MeToken: Uniform Micro-environment Token Boosts Post-Translational Modification Prediction

Authors: Cheng Tan, Zhenxiao Cao, Zhangyang Gao, Lirong Wu, Siyuan Li, Yufei Huang, Jun Xia, Bozhen Hu, Stan Z Li

ICLR 2025 | Venue PDF | Archive PDF | Plain Text | LLM Run Details

Reproducibility Variable Result LLM Response
Research Type Experimental We conduct extensive experiments to validate the effectiveness and generalizability of Me Token across multiple datasets, demonstrating its superior performance in accurately identifying PTM types. The results underscore the importance of incorporating structural data and highlight Me Token s potential in facilitating accurate and comprehensive PTM predictions, which could significantly impact proteomics research.

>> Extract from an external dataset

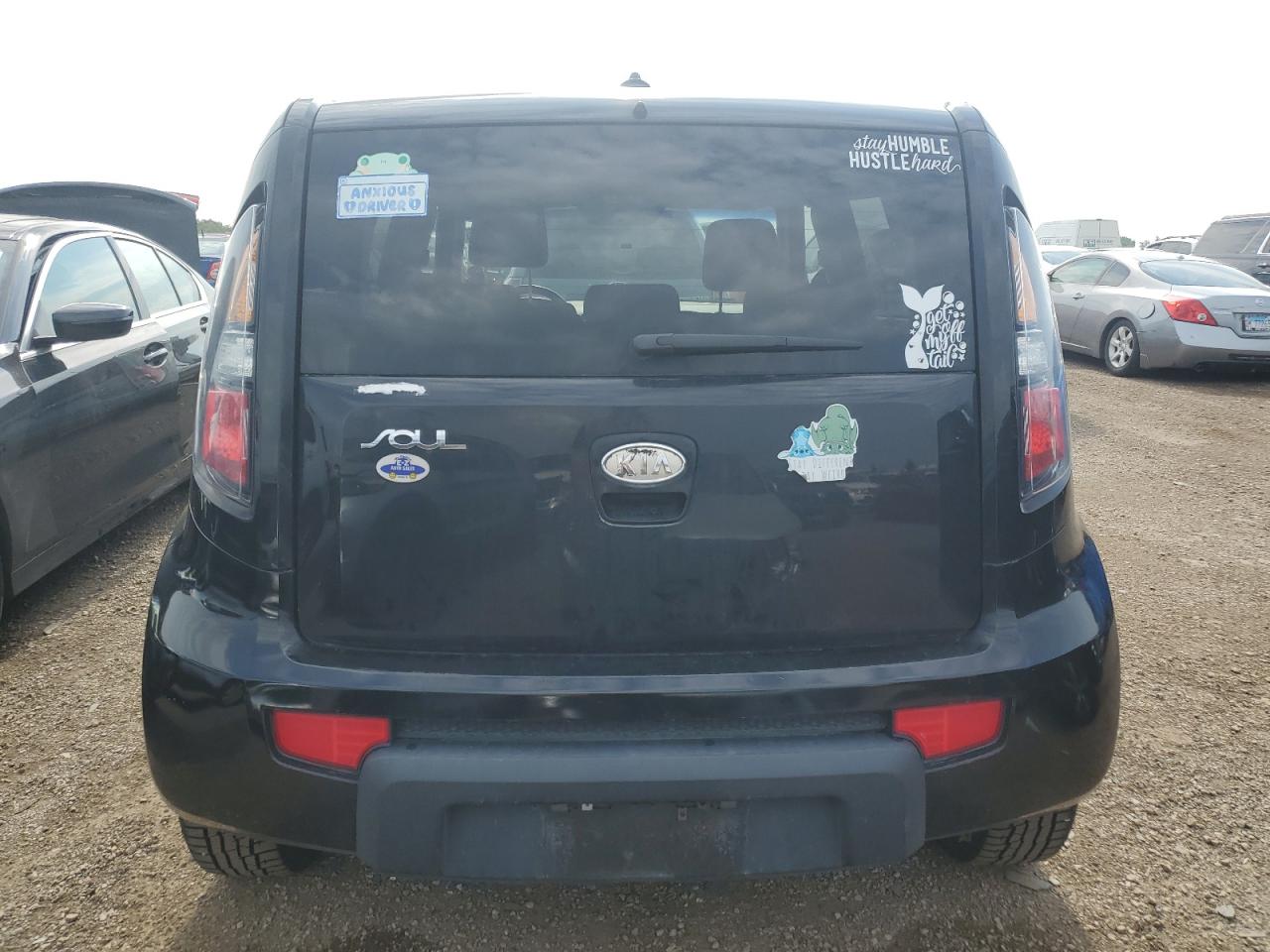 2010 Kia Soul + VIN: KNDJT2A29A7700471 Lot: 68083785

Researcher Affiliation Academia 1Zhejiang University, Hangzhou, China 3Xi an Jiaotong University, China 2AI Lab, Research Center for Industries of the Future, Westlake University, Hangzhou, China
Pseudocode No The paper describes methods in prose and mathematical equations but does not include any structured pseudocode or algorithm blocks.
Open Source Code No The paper does not provide an explicit statement about releasing source code or a link to a code repository for the methodology described.

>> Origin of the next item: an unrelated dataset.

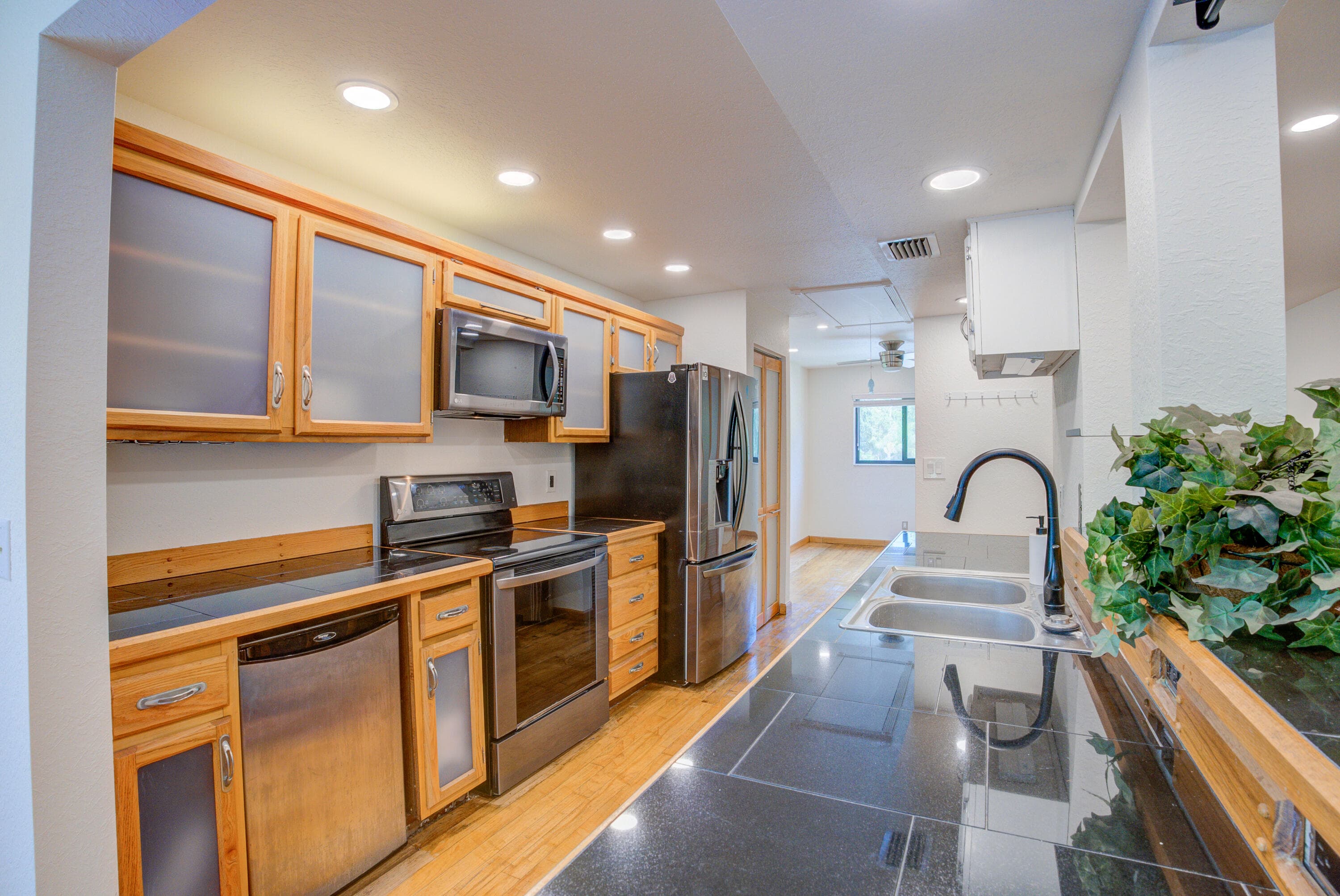 4491 Crystal Lake Drive 201a, Pompano Beach, FL 33064 — photo 9 of 36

Open Datasets Yes We constructed a large-scale dataset by integrating db PTM (Li et al., 2022a), the most extensive sequence-based PTM dataset available, with structural data obtained from the Protein Data Bank (PDB) (Berman et al., 2000) and the Alpha Fold database (Varadi et al., 2022; 2024). ... To assess the generalizability, we used the pre-trained models on the large-scale dataset to directly test on the PTMint (Hong et al., 2023) and q PTM (Yu et al., 2023a) datasets.
Dataset Splits Yes We utilized MMseqs2 (Steinegger & Söding, 2017) to cluster the data based on sequence similarity with a threshold of 40% and grouped the data into clusters, which were then allocated to the training, validation, or test set.

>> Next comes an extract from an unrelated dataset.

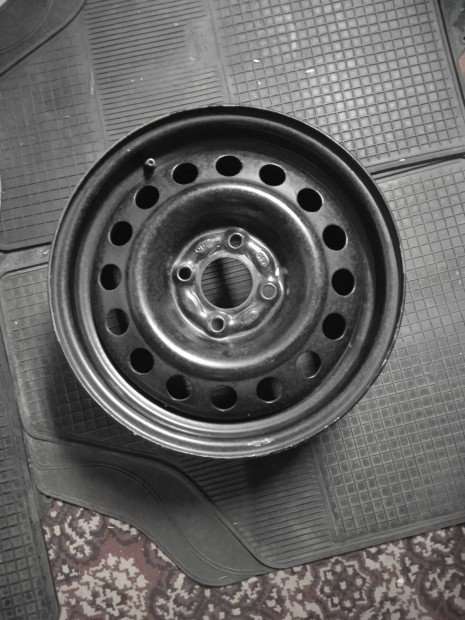 Elad 8 db Renault 14' lemezfelni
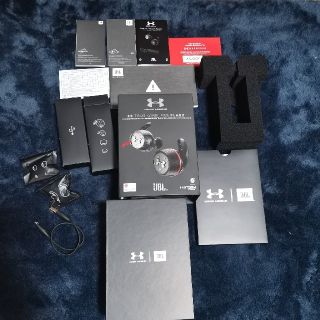 アンダーアーマー(UNDER ARMOUR)のJBL  イヤホン　中古　アンダーアーマー(ヘッドフォン/イヤフォン)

Hardware Specification No The paper does not provide specific details about the hardware used to run its experiments.
Software Dependencies No The paper mentions software like MMseqs2, Pi GNN, and ESM2, but does not provide specific version numbers for these or other software dependencies.
Experiment Setup Yes In our model, we implement a temperature-scaled vector quantization mechanism that introduces a temperature parameter, τv, to modulate the quantization process. ... Initially set at 1, τv is gradually reduced towards zero during training. ... Lcodebook = Lrecon + αLu where α is set as 0.1 empirically, balancing the reconstruction loss and the uniform loss. ... The predictor network is trained using the cross-entropy loss... Following Dauparas et al. (2022), we introduced Gaussian noise with a mean of zero and a standard deviation of 0.0005 to the atomic coordinates.